Abercrombie & Fitch posted a 14.5 percent jump in second-quarter earnings on Tuesday, beating Wall Street's expectations by 1 cent.
For the three months ended July 29, income leaped to $65.7 million, or 72 cents a diluted share, from $57.4 million, or 63 cents, in the same year-ago period. Analysts expected earnings of 71 cents per share, according to Thomson First Call. Sales were up 15.2 percent to $658.7 million from $571.6 million, but same-store sales were flat compared with a 30 percent increase in 2005.

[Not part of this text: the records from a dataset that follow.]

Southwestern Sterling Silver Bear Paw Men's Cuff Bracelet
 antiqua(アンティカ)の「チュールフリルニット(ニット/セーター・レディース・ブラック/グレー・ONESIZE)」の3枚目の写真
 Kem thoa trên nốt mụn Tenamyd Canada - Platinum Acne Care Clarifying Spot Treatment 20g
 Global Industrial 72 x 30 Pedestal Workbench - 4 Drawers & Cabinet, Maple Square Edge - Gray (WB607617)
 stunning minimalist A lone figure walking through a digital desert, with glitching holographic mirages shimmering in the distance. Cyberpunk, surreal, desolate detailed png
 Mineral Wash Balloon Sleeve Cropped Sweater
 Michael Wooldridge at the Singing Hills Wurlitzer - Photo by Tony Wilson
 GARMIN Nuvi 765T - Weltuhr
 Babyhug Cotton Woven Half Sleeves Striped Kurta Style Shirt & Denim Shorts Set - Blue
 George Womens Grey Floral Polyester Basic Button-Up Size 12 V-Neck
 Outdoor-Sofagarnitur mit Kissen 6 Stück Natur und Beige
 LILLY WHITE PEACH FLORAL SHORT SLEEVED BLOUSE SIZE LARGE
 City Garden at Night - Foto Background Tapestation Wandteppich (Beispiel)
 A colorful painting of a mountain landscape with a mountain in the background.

For the six months, income climbed 24.8 percent to $122 million, or $1.34 a diluted share, from $97.8 million, or $1.07, a year ago. Sales rose by 17.7 percent to $1.32 billion from $1.12 billion a year ago.
"I am very pleased with the record sales and profits that we achieved this quarter. Enhancing the quality of our brands and increasing the bottom line are our top priorities; to generate strong sales, gross margin and earnings reflect the strength of our business," Mike Jefferies, ceo and chairman of the board, said in a statement.
During the second quarter, the gross margin rate was 69.1 percent, up 90 basis points from last year, due to a lower markdown rate combined with a slightly higher initial markup versus last year.
By brand, the Abercrombie & Fitch division saw a 3 percent increase in sales to $316.3 million, while comps decreased 4 percent. At abercrombie, sales climbed 14 percent to $72.7 million, and same-store sales rose 11 percent. Sales at the Hollister division surged 32 percent to $262.9 million, with a 3 percent increase in sales for stores opened at least a year. Ruehl's sales increased 139 percent to $6.9 million, with a 24 percent hike in comps.
The company expects earnings per share for the second half of the year to be in the range of $3.15 to $3.20 and between $4.49 and $4.54 for the full year. In addition, capital expenditures for the year are expected to be between $400 million and $420 million, with approximately $260 million allocated to store construction, remodels, conversions and improvements in existing stores. The remainder will go to investments at the home office and distribution center.